▶ _DATA_:

------------------------------------------------

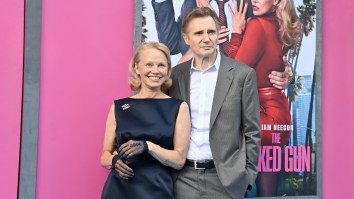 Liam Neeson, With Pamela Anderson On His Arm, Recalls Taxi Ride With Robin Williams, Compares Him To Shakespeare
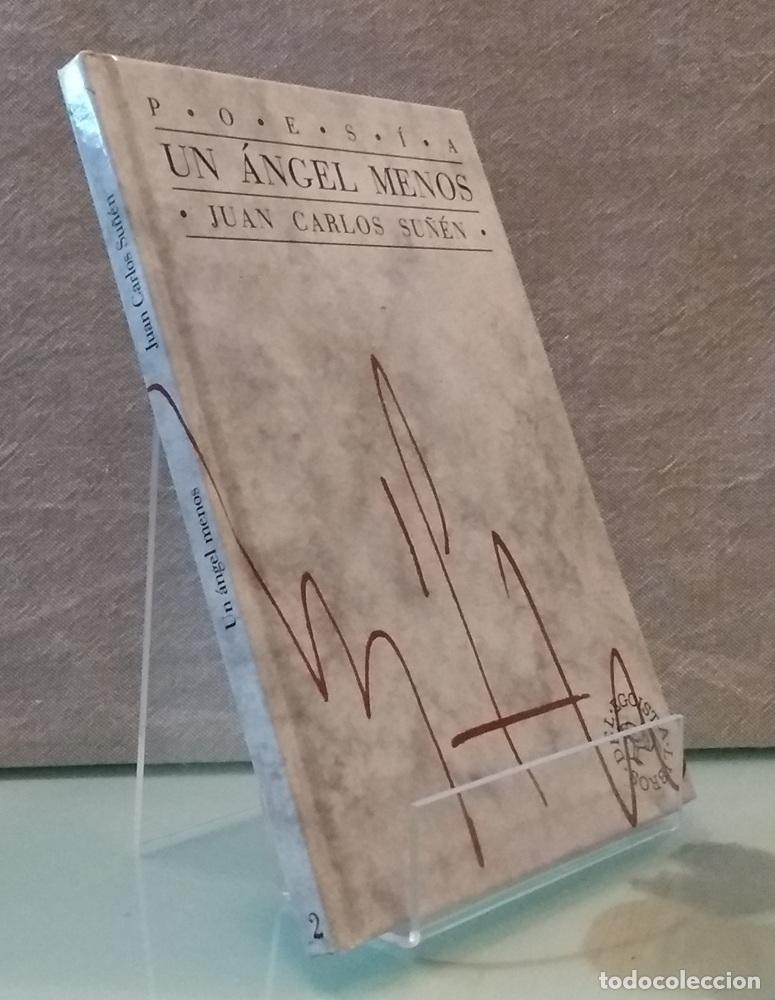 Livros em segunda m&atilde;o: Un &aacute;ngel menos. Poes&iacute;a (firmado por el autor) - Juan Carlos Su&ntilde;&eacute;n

------------------------------------------------

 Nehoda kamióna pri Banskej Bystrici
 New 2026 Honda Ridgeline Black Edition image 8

------------------------------------------------

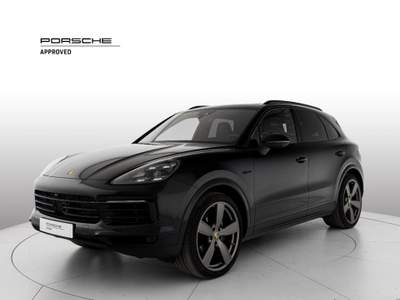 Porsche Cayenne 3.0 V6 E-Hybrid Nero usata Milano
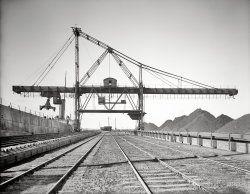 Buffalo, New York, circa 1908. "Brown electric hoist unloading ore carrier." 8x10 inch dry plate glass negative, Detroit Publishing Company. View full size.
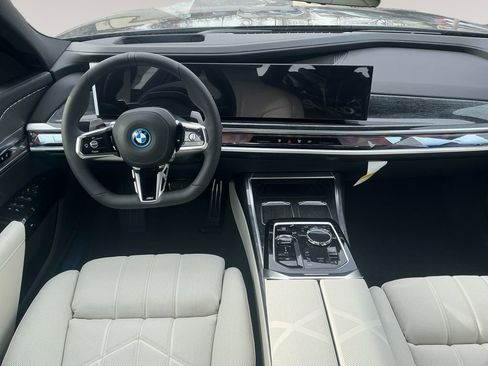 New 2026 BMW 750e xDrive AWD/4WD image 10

------------------------------------------------

▶ _TASK REQUIREMENTS_: Could you transcribe exactly the entries above, but only the lines from the one with "Liam Neeson, With" through the one with "Livros em segunda", and without pictures?

▶ _ANSWER SECTION_:
 Liam Neeson, With Pamela Anderson On His Arm, Recalls Taxi Ride With Robin Williams, Compares Him To Shakespeare
 Livros em segunda m&atilde;o: Un &aacute;ngel menos. Poes&iacute;a (firmado por el autor) - Juan Carlos Su&ntilde;&eacute;n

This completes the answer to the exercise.